White-eyed fool, I cursed myself. I should have realized they would spy. After all, I always had. Now it was too late, and they would have to see, which meant the news would fly to Mother like an arrow.
“Who are you?” Father demanded, keeping steady in his stance with what I could tell was an effort.
I let out a slow, shuddering breath. Then I sank down on to one knee and held up Father’s sword in both hands, reverently offering it back to him. He hesitated for a moment, as if suspicious of a trick, then reached out and, when I made no attempt to hold the sword or draw it back, took the unsheathed blade from my fingers.

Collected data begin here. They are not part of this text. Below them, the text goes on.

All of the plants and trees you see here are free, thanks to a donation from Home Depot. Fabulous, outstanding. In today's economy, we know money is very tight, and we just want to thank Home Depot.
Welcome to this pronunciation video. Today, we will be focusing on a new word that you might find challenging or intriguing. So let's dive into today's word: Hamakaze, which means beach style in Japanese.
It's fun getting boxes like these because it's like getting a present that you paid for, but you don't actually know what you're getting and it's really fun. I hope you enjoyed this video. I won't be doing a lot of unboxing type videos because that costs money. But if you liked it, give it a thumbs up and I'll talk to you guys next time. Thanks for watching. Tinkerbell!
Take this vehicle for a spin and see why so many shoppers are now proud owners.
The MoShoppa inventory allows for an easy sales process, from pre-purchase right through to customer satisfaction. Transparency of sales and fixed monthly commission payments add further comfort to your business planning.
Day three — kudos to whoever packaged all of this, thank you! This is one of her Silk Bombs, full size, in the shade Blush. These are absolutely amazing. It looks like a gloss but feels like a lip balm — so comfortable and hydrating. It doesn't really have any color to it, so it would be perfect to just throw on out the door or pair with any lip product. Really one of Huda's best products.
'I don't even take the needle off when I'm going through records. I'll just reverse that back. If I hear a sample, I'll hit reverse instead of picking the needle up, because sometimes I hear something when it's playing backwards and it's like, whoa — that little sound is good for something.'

With my hands free, I reached up and pulled the helm from my head, letting the shadow of illusion I had cast over my face dissipate as I did so. I placed the helm neatly on the ground before me. Long strands of hair fell from my topknot to brush my cheeks. I forced myself to look up.
“Zhilan.” Father breathed the word, nearly soundless.
Xiao Xia let out an aborted shriek. Without looking I could guess that Da Xiong had slapped his hand over her mouth.
“Most beloved and virtuous Father,” I said formally. “I beg a thousand pardons for my deception and will accept any punishment that you think just.”
“Why, daughter? Why have you done this?”
“To prove I could. To prove that you have trained me for a reason, just as you promised all those years ago. And to prove that I am your equal, any man’s equal, in battle. The emperor demands the Hua family send a soldier to fight for the army. Very well.
Let that soldier be me.”
Six
high-pitched, warbling trill cut through my dreams, scattering the hazy fragments of sleep as wind scatters the early morning mist from the mountain. I blinked reluctant eyes open to see a pair of small, vivid blue-and-gold robins fighting among the interlaced branches of the sapling that swayed over my head. The sky beyond them was soft grey, lightening to yellow. Dawn, but only just.
In the next blink, I remembered where I was – and why.
Before letting out my next breath, I found the warm light of qi within myself, unravelled it through my pores as fine threads that formed an increasingly familiar shape, and let go, feeling it gently drape into place as the air whistled gently between my lips.
I eased myself cautiously into a sitting position, groaning, then let out a yawn that cracked my jaw. I squashed the urge to politely cover my mouth, as my mother had many times chided me to do. Boys did not have to cover their mouths. Instead I stretched out stiff back and shoulders that were unused, as yet, to sleeping on the ground, rose to my feet and dutifully began the qigong.
The slow, precise, almost-dancing exercises did not only warm up my aching muscles and soothe my cracking back. They helped stimulate the flow of my qi to its highest potential, and maintained those energy levels day by day. The most important part was neigong, the internal movements, the deep, conscious breathing and invisible tensing and releasing of muscle and tendon; these made each external movement twice as difficult – and twice as potent.
You do not have qi. You are qi. That was what my father taught me in my very first banner-breaking lesson. I remembered staring up at him, wide-eyed, not wanting to admit that I was already lost.
“It is the energy that binds together your tiniest fibres and fragments, warms your blood, animates your consciousness. It is in all things. It is the essential building material of the universe. And aside from being made up of qi, every person, animal and object also generates new qi … and that is where the ability of banner-breakers originates.